Today there was a massive protest rally in Melbourne to save live music. The Age reported ‘the protest was organised in response to restrictions placed on small music venues under the government’s liquor licensing laws.’ Venues such as The Tote have shut down because of these laws.
I was unable to attend because I was at work, but I am fully in support of live music. It’s sad that live music suffers because of drunken violence on the streets of the city and not in the music venues.
I’ve seen so many great live bands – big names and lesser known ones. I met one of my best friends at a Lazy Susan gig in 2006. I’ve seen countless live bands, and loved every single time.
I don’t want live music to stop.
You can find out more about the SLAM rally at their website. SLAM stands for Save Live Australian Music, by the way.
A friend told me that Manchester Lane had shut down. Manchester Lane was an elegant jazz bar in Melbourne. I feel sad. I have only been there twice but those two gigs were some of the best of my life.
I saw Darren Hayes there twice. The first time on 13 September 2004 and the second on 22 March 2007.
These were amazing experiences.
I can remember the buzz before the show, and the way Darren looked at me during the show. Magic.
Here is a blog entry I did on my Myspace blog after the 2007 Darren gig. It really shows my excitement and passion for Darren.
My Darren Hayes experience in full
22 March 2007
I’m going to post a blog about my Darren Hayes at Manchester Lane expereince. An account of my experience rather than a review because to be honest, I can’t recall everything about the music due to my overwhelming excitement.
Manchester Lane was to showcase some songs from Darren’s upcoming album ‘This Delicate Thing We’ve Made’. The doorgirl said there were about 150 people who managed to get in.
My friends and I got dressed up and waited outside the venue from around 4:30 pm, hoping to see Darren before he went in for the soundcheck. There were four girls and a bemused husband in our group. Lucy, Jaclyn, Tanya and her husband Brett. We all looked stunning in our dresses (Brett didn’t wear a dress though).
I’ve never seen Darren with full on fans before. We were all excited, but I think I was physically by far the most enthusiastic. We stood outside the door behind the barrier, and everytime a car came in the alleyway, I’d run and peer through its window in case Darren was in it. I think at one stage, a driver waved me off because I was obstructing traffic.
We made friends with the security guard, Steve. I asked him a million questions, and he took a photo of the group of us outside the venue. I ended up making a documentary on my camera with Steve, interviewing him about how he felt about Darren and the world in general.

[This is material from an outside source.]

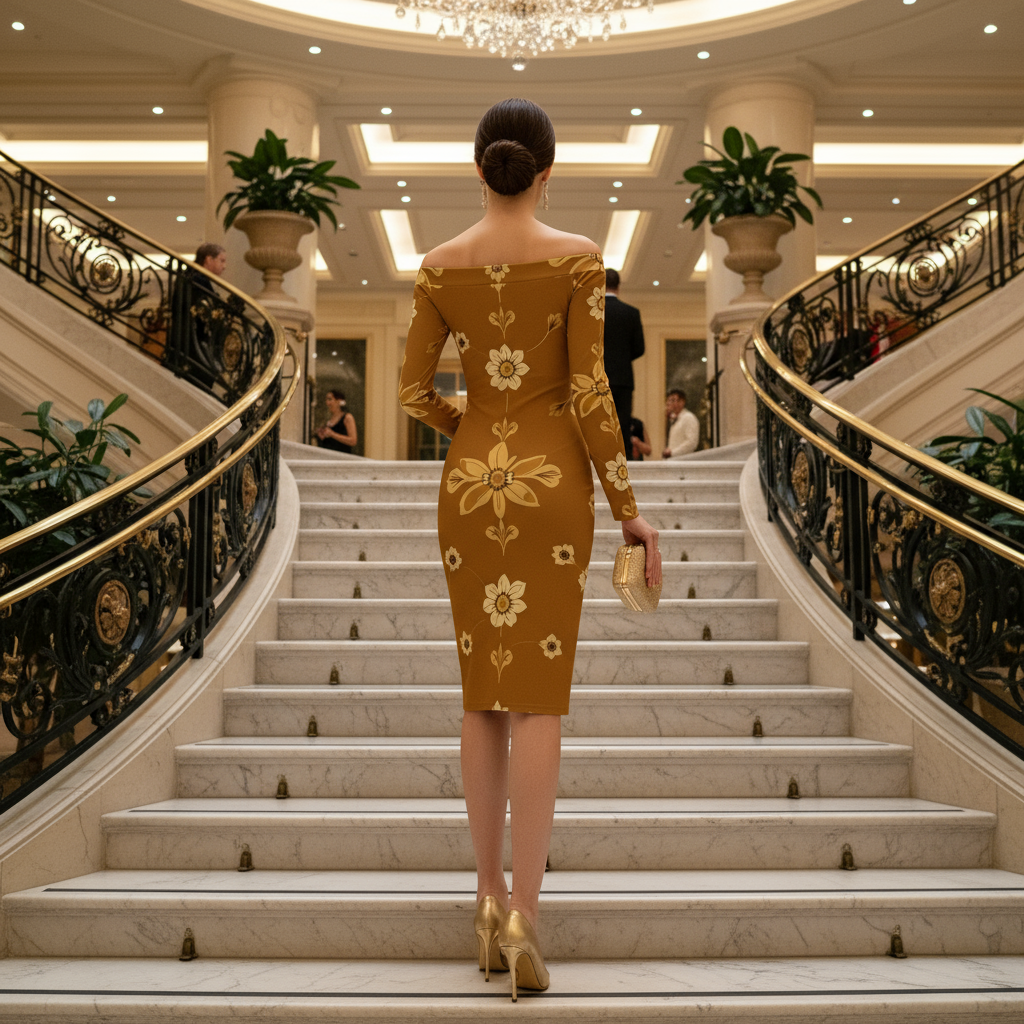Luxury 1950s sunflower wrap dress worn by woman ascending grand marble staircase with elegant decor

I also spoke to Troy, Darren’s hairdresser, and commented on his trousers. I called them a ‘manafore’ – meaning male pinafore. (Jaclyn deemed them a ‘pantafore’, which I think is a pretty cool word). We conceded it’s better than a mankini later at the bar.
We managed to see Darren very briefly as his car was up against the door and the crowd of screaming girls (yes, including me) was big. I did tell my friends that when it comes to Darren, I am all for myself, and true to my word, I ran on my own to see him, not looking if my friends were behind me. Jaclyn and Tanya managed to come, but poor Lucy missed out. Darren makes me turn into a shrieking monster I think, because when he got out of the car, I was shrieking and jumping up and down (the security guard told me they need a screamer there!). I thanked him for the tickets and he saw me, he said ‘my pleasure’ and then went into the sound check. I got one picture, well, he’s about 1/8th of the picture and the stripey shirted security guard made up the rest of the picture! Darren and co went inside for the soundcheck.

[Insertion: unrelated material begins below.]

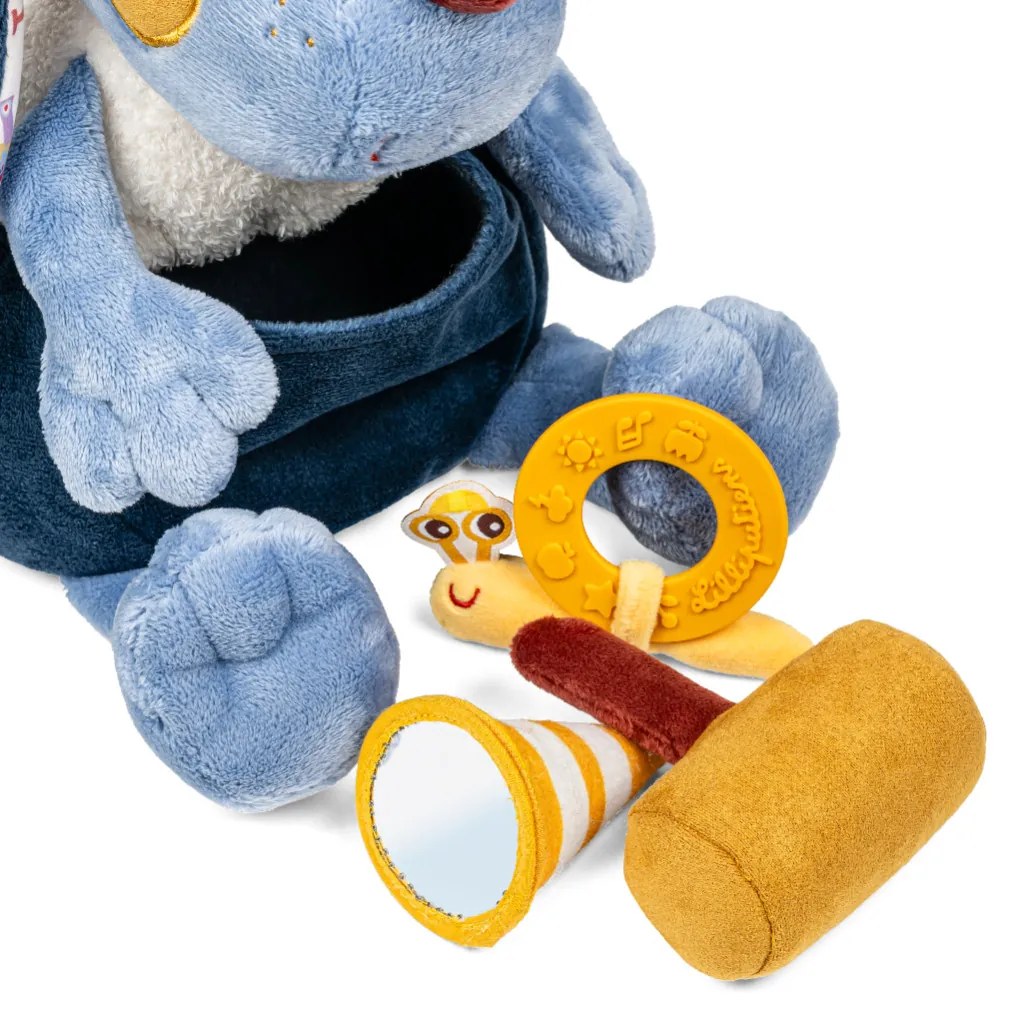 Lilliputiens - textilná hračka s aktivitami - údržbár psík Jules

Jaclyn saw Darren standing near the bar in the middle of their soundcheck. I missed him, but spent a great deal of time with Tanya peering into the window and trying to hear if he was singing.
We were finally let in after 6 pm. Our table was near the front, though there was about three people in front of us on either side of the table. There were three tables long ways in front of the stage. The meal was really good, especially the dessert.

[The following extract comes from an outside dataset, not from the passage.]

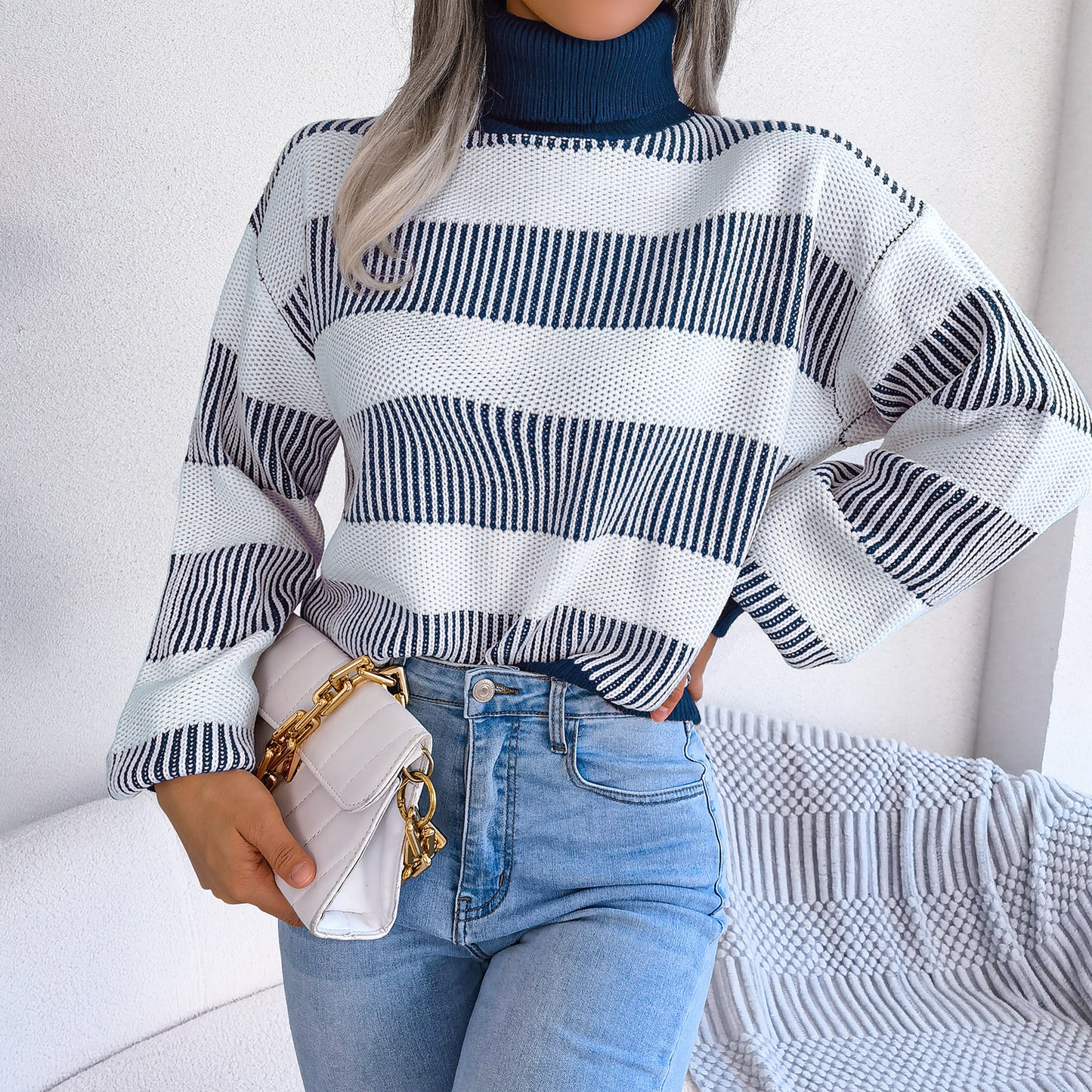 Striped Lantern Sleeve Turtle Neck Sweater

In the pre-show music, Angus and Julia Stone’s Paper Aeroplane song was featured, so i was very happy about that.
A caberet style singer called Antigone performed about three songs before Darren came on. She wasn’t my cup of tea, but she was a powerful singer.
A short break before Darren came on and everyone was getting excited. As there were no cameras or recordings allowed, I did the nerdy journalist thing and got some paper out to take notes with. I ended up jotting down some lyrics and things he said, as well as part of the set list. I hope that doesn’t contravene Darren’s recording and posting online requests.
Jaclyn had warned me that his music was a bit techno, or at least, a bit different to what I may be used to – she had been to the Sydney show. I was expecting some Chemical Brothers type stuff, but I was pleasantly surprised.
Darren wore a black suit with black sneakers. The jacket had a strip of contrast trim down the front.
The music was very blippy electronic beat-oriented, despite the use of guitars and drums.
His first song was ‘Fear’. I can’t recall too much of it, I do apologise, because I think i was just overwhelmed with him coming on stage. There was quite a fast paced lead up, and some fast singing. Not ‘I want you’ fast,but fast enough to keep up with the beats.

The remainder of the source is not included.